## What to produce
Pictures aside, please retype the whole listing word for word.

## Provided data
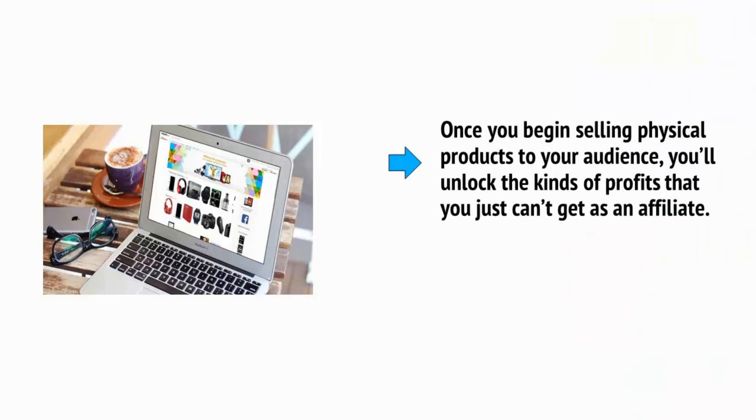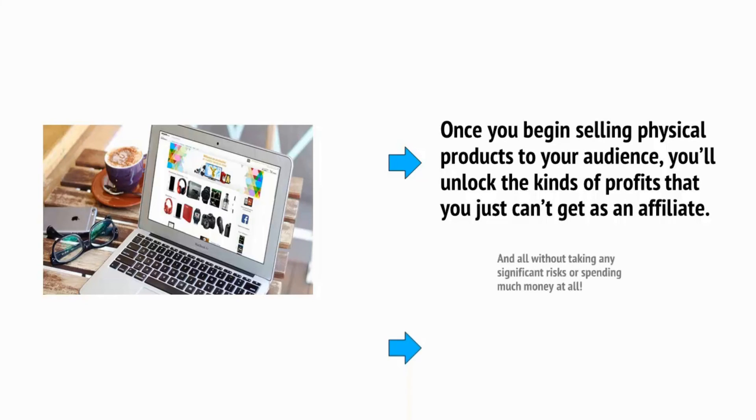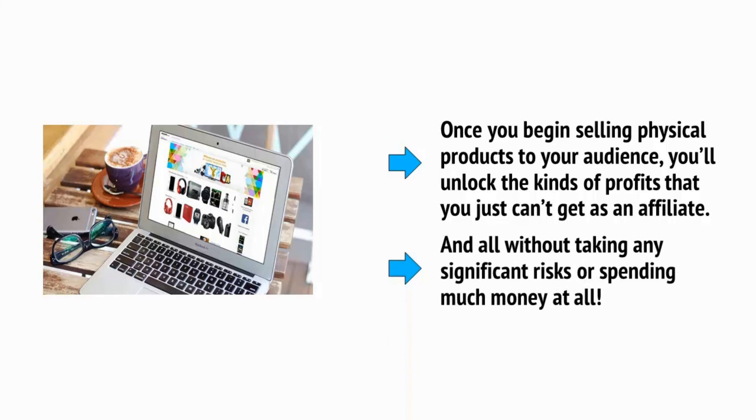Once you begin selling physical products to your audience, you'll unlock the kinds of profits that you just can't get as an affiliate, and all without taking any significant risks or spending much money at all.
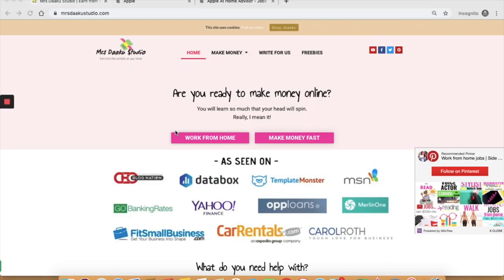Hi guys, I am Chavi, owner and blogger at Mrs. Daku Studio, a blog where we talk all about working from home and making money online. In this video, we will talk about how to land work from home jobs with major corporate giant Apple.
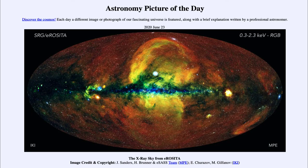Greetings and welcome to the introduction to astronomy. One of the things I like to do in each of my introductory astronomy classes is to begin the class with the Astronomy Picture of the Day from the NASA website, that is apod.nasa.gov/apod. Today's picture is for June the 23rd of 2020.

## Answer for the task
Once you begin selling physical products to your audience, you'll unlock the kinds of profits that you just can't get as an affiliate, and all without taking any significant risks or spending much money at all.
Hi guys, I am Chavi, owner and blogger at Mrs. Daku Studio, a blog where we talk all about working from home and making money online. In this video, we will talk about how to land work from home jobs with major corporate giant Apple.
Greetings and welcome to the introduction to astronomy. One of the things I like to do in each of my introductory astronomy classes is to begin the class with the Astronomy Picture of the Day from the NASA website, that is apod.nasa.gov/apod. Today's picture is for June the 23rd of 2020.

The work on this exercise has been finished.